### TASK
Could you copy the records below exactly, leaving out any pictures they include?

<<<<

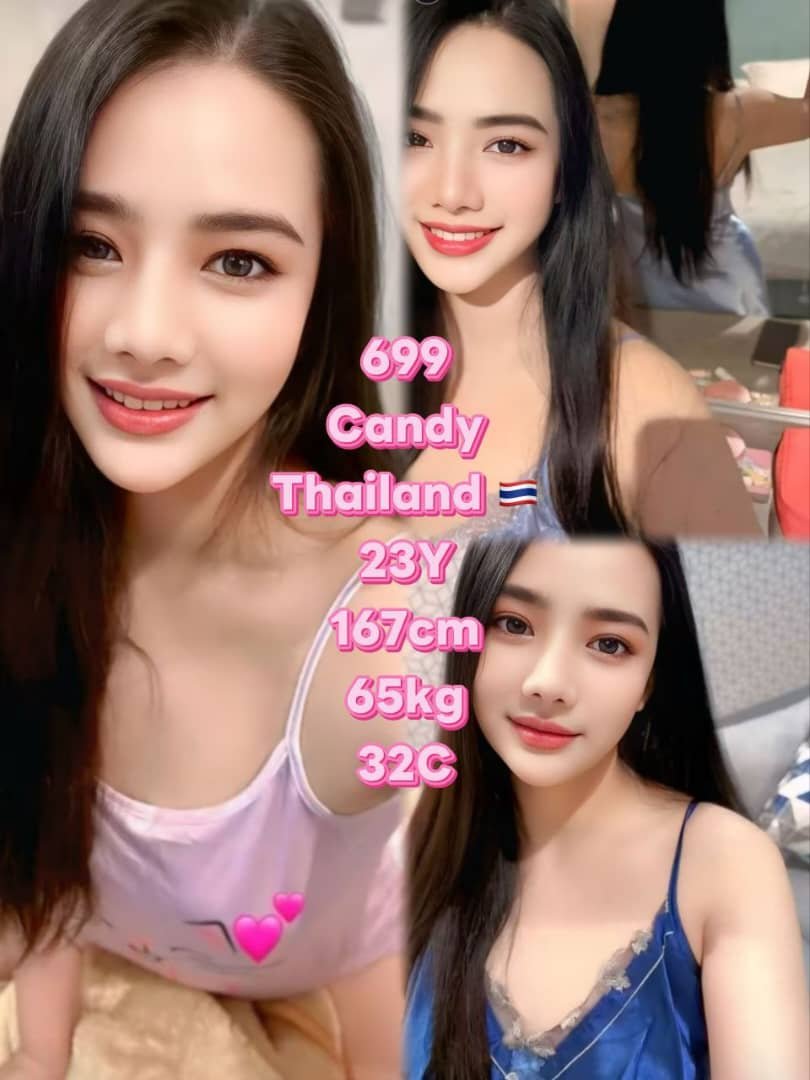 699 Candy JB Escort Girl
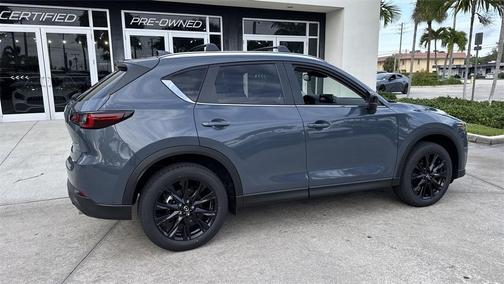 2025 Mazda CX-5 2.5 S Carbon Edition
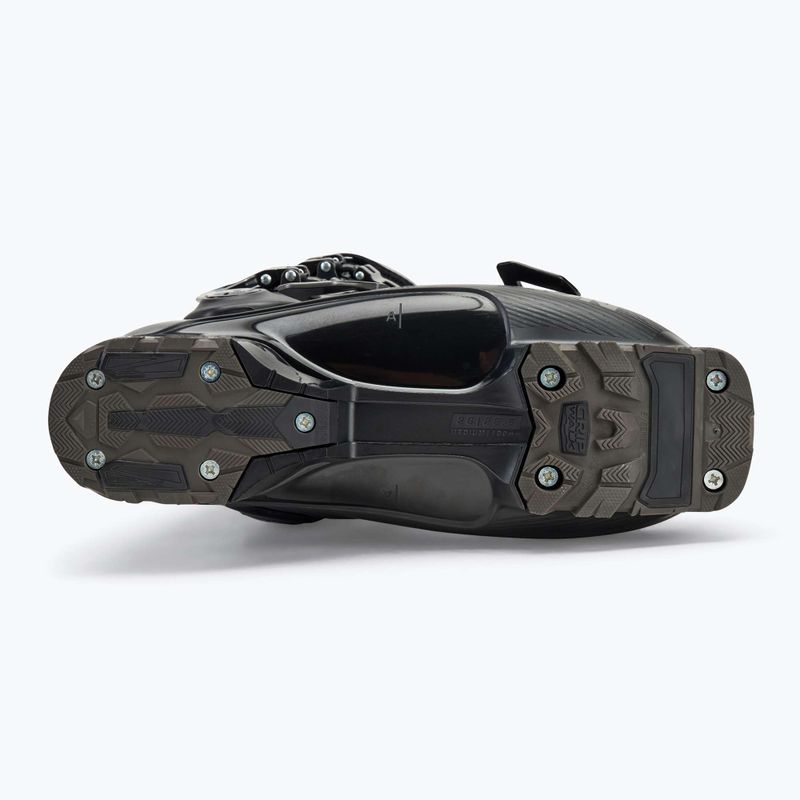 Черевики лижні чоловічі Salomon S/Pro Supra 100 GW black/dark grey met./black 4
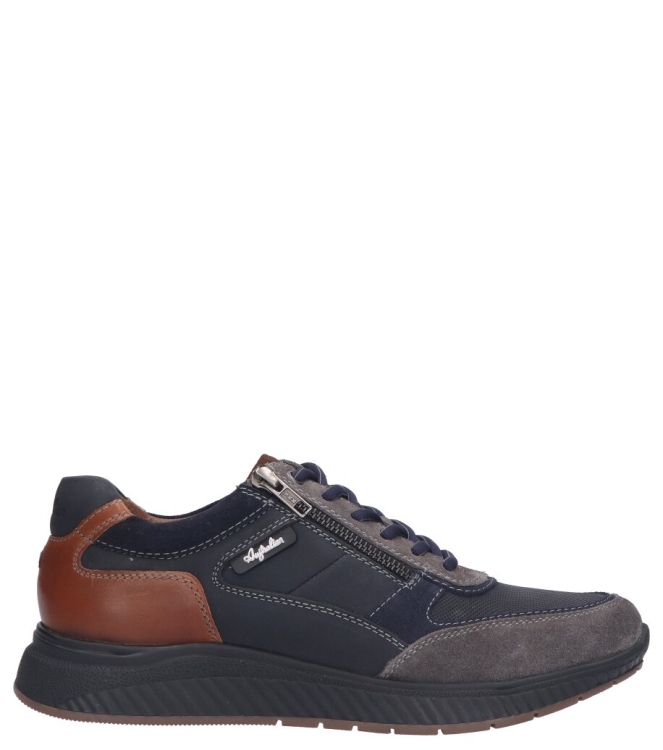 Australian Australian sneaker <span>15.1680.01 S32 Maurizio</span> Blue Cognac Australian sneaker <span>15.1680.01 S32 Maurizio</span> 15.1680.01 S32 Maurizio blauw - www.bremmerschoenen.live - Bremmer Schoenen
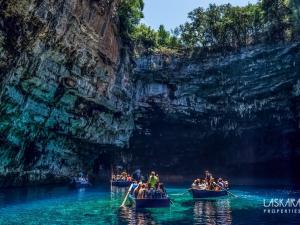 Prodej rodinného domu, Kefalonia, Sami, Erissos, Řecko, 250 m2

>>>>

### EXERCISE RESPONSE
 699 Candy JB Escort Girl
 2025 Mazda CX-5 2.5 S Carbon Edition
 Черевики лижні чоловічі Salomon S/Pro Supra 100 GW black/dark grey met./black 4
 Australian Australian sneaker <span>15.1680.01 S32 Maurizio</span> Blue Cognac Australian sneaker <span>15.1680.01 S32 Maurizio</span> 15.1680.01 S32 Maurizio blauw - www.bremmerschoenen.live - Bremmer Schoenen
 Prodej rodinného domu, Kefalonia, Sami, Erissos, Řecko, 250 m2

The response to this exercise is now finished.